Debugging Distributed Applications
In attempting to debug a distributed graph, an understanding of the material discussed in the
Application Model and
Execution Modes sections is helpful.
As described there, a distributed graph is converted into a sequence of graphs representing different phases of processing with each phase executing several copies of the graph on the nodes of the cluster. This implies that all of the techniques discussed previously can also be applied to debugging a graph executed on a cluster.
Unfortunately, the debugging process is made more complex by the fact that code is running on several remote machines instead of just the local one. So while the concepts behind the techniques remain the same, some details change.
Combining Logs
The challenge introduced for logging in a distributed scenario is that there is no single log file containing all of the data, unlike the case where you are executing locally. These files will be spread across all the machines executing the graph. To get a total view requires looking at all of these log files.
Setting Up Clusters discusses where the log files produced by cluster execution can be found.
Each graph will use a globally unique identifier, or GUID, which identifies the log file. By looking at log files on different machines with the same GUID, it is possible to produce a unified view of the logging for a given phase.
Note that this issue does not necessarily apply to data logged using an explicit operator as described in
Injecting Write Operators. Because these are operators like any other, these can be made to run locally (at a cost of performance) by calling the
disableParallelism() method, producing a unified output. However, while this may make things more convenient, it makes it impossible to determine which partition produced any given record. Therefore, this is not a recommended practice.
For data being written to disk instead of a log this is not typically a problem, as a parallel write will produce a set of files in a single directory on a shared file system. This makes it much easier to locate the files in question.
Remote Debugging
The key difference between debugging a local graph and a distributed graph is that multiple JVMs will be running. Therefore, there will need to be multiple concurrent debugging sessions, one per JVM.
To use a debugger with distributed graph execution, the JVM debugging flag, discussed in
Using a Debugger, must be passed to the remote executors. This can be accomplished through cluster configuration as described in
Setting Up Clusters. Only one JVM will be started per node, so sharing the same debugging port setting in all JVMs should not be a problem.

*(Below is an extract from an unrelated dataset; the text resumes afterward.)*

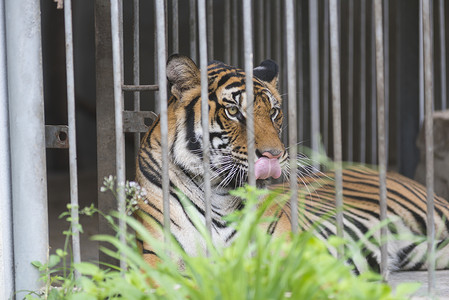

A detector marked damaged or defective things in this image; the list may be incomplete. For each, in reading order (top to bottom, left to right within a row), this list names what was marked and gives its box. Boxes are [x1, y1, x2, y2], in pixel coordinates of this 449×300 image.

rusty metal bar [110, 0, 126, 270]
rusty metal bar [153, 0, 169, 238]
rusty metal bar [328, 0, 344, 258]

This approach is not generally recommended for distributed graphs, as it can quickly become difficult to manage as the number of nodes increases. Try using one of the other debugging approaches first before attempting this one.
Executing Locally
An alternative approach to distributed debugging is to try executing the graph locally, removing the complexity introduced by running across multiple machines. As execution in local mode emulates distributed execution inside a single JVM (though with some optimizations applied), any problems are likely to occur in both modes of execution. Attempting this approach does not require a rewrite of the application. It only requires changing the mode specified at execution; graphs for distributed and local execution are composed exactly the same.
One possible stumbling block to this approach is the size of the input. If the input data is too large to be processed on a single machine, try scaling the data down.